{‘I delivered complete twaddle for several moments’: Meera Syal, The Veteran Performer and More on the Fear of Stage Fright
Derek Jacobi faced a bout of it during a international run of Hamlet. Bill Nighy grappled with it in the run-up to The Vertical Hour premiering on Broadway. Juliet Stevenson has compared it to “a disease”. It has even prompted some to run away: Stephen Fry disappeared from Cell Mates, while Lenny Henry exited the stage during Educating Rita. “I’ve utterly gone,” he stated – although he did return to complete the show.
Stage fright can induce the jitters but it can also cause a total physical freeze-up, not to mention a utter verbal drying up – all right under the gaze. So how and why does it take grip? Can it be overcome? And what does it appear to be to be taken over by the stage terror?
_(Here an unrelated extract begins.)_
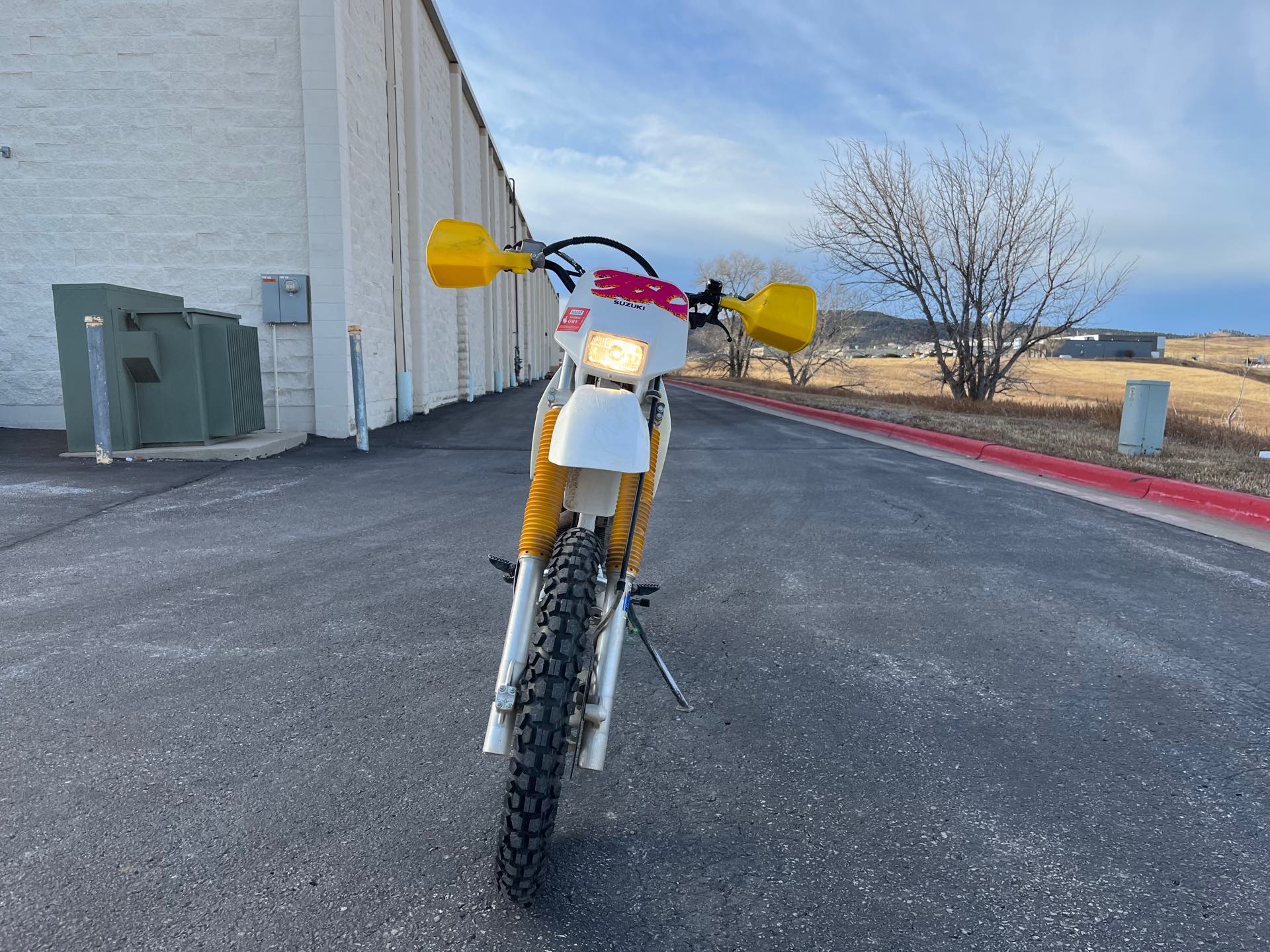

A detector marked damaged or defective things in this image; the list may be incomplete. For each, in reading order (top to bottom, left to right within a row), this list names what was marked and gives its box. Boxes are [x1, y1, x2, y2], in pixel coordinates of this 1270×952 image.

cracked asphalt [2, 383, 1270, 949]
Meera Syal describes a typical anxiety dream: “I discover myself in a outfit I don’t identify, in a role I can’t remember, looking at audiences while I’m naked.” Decades of experience did not make her protected in 2010, while staging a try-out of Willy Russell’s Shirley Valentine. “Performing a solo performance for two and half hours?” she says. “That’s the factor that is going to give you stage fright. I was honestly thinking of ‘doing a Stephen Fry’ just before press night. I could see the way out going to the garden at the back and I thought, ‘If I ran away now, they wouldn’t be able to locate me.’”
Syal mustered the nerve to persist, then immediately forgot her lines – but just continued through the confusion. “I faced the void and I thought, ‘I’ll escape it.’ And I did. The character of Shirley Valentine could be improvised because the entire performance was her talking to the audience. So I just moved around the stage and had a moment to myself until the lines reappeared. I improvised for a short while, uttering complete gibberish in persona.”
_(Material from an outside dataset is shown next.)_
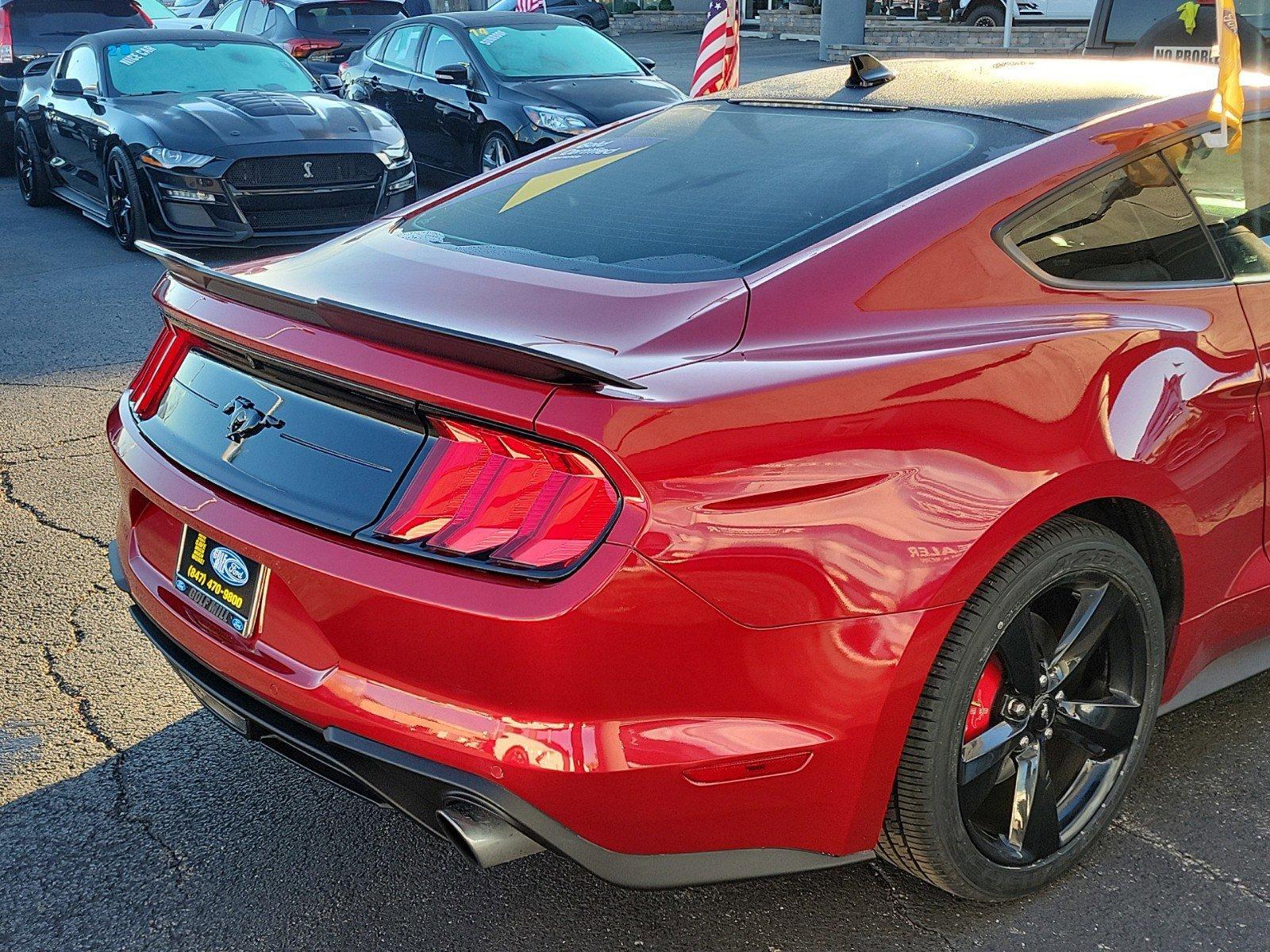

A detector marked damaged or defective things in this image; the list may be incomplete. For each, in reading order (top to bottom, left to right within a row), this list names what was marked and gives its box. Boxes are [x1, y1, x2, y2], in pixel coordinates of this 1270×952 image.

Larry Lamb has contended with severe nerves over decades of performances. When he commenced as an beginner, long before Gavin and Stacey, he enjoyed the preparation but acting induced fear. “The minute I got in front of an audience,” he says, “it all began to cloud over. My knees would start shaking wildly.”
The nerves didn’t ease when he became a career actor. “It persisted for about 30 years, but I just got more skilled at hiding it.” In 2001, he froze as Claudius in Hamlet, for the Royal Shakespeare Company. “It was the first preview at Stratford-upon-Avon. I was just into my initial speech, when Claudius is speaking to the people of Denmark, when my lines got lost in space. It got worse and worse. The entire cast were up on the stage, looking at me as I utterly lost it.”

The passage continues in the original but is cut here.